On your condition example, just to clarify for others; it works that way because you only have one condition, my examples have two conditions.
thank you! Very clear and comprehensive guide 🙂
Good article. Better than any I have seen done before. One point to be clear on, you are absolutely correct that the format does not affect the underlying value. However, I don’t think you can say “…it doesn’t alter the underlying value that you can see in the formula bar”. If you input a number like 43000 and format it as a date then it does affect what you see in the formula bar. Even if you format it as a percentage it changes what you see in the formula bar slightly.
Ooh, good point, Jonathan. Thanks!
Excellent workbook and a great resource! I know I will refer to it often. Thank you!

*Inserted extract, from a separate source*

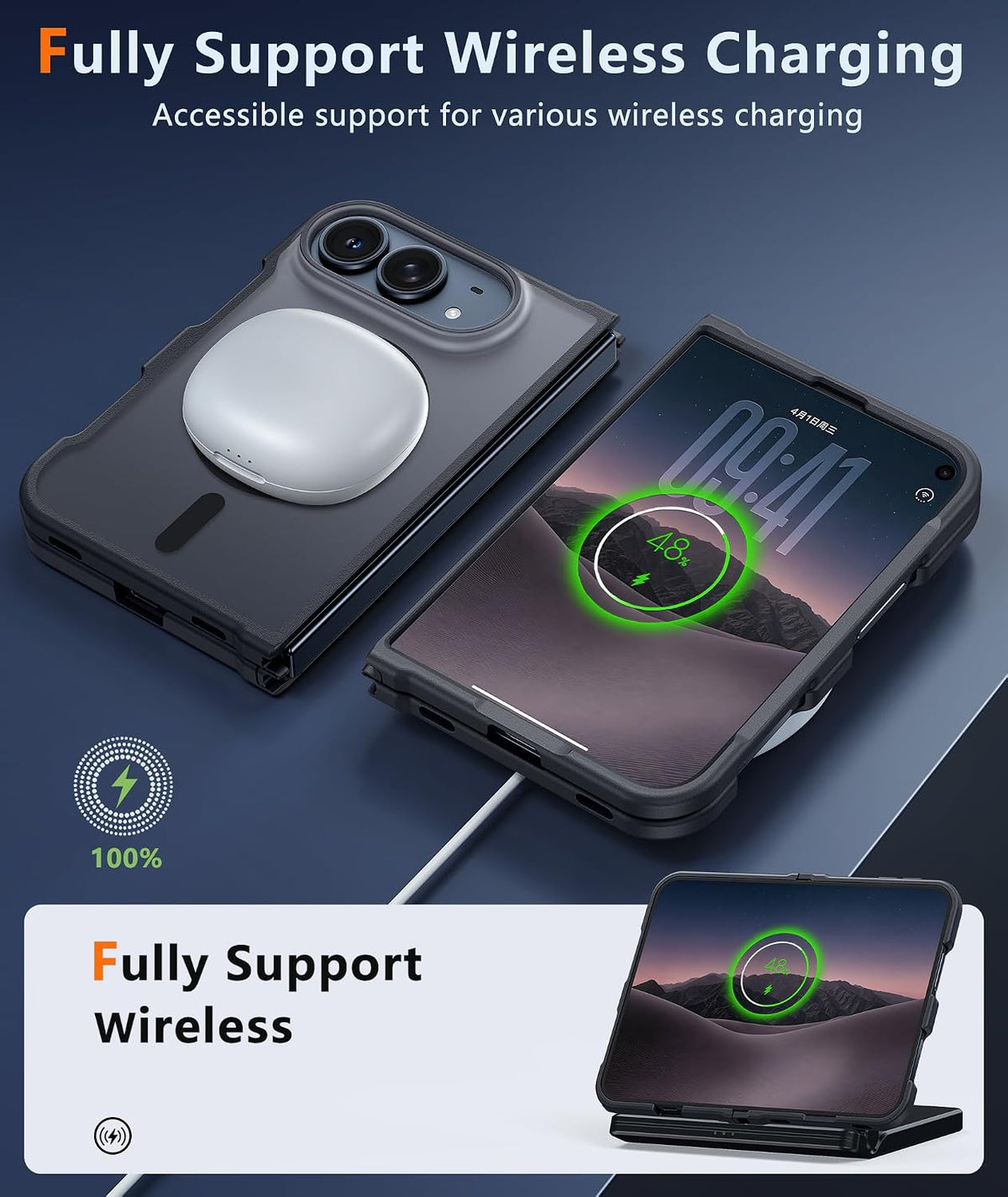 For iPhone Duo -3 In 1 Magnetic Case + Screen Protector & Hinge Stand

Thanks, Cindy. I’m glad you’ll find it useful.
Thanks Mynda for a most useful guide.
Cheers, Serge 🙂
Bob Van Winter
Thank you Mynda for the insight into custom number formatting. I have a question. Is there a way to build your own custom number formatting? I need to have a field in my spreadsheets that is a letdown ratio ie: 25 to 1. I currently need to format the column as text and type 25:1. I’d like to be able to have the column as a custom number format rather than as text.
You could try this:
This will format any number as :1 e.g. 25:1 or 30:1 etc.
Thank Mynda for an excellent guide on HOW TO with Custom Number Formatting.
Now I don’t have to wreck my brain to figure out How.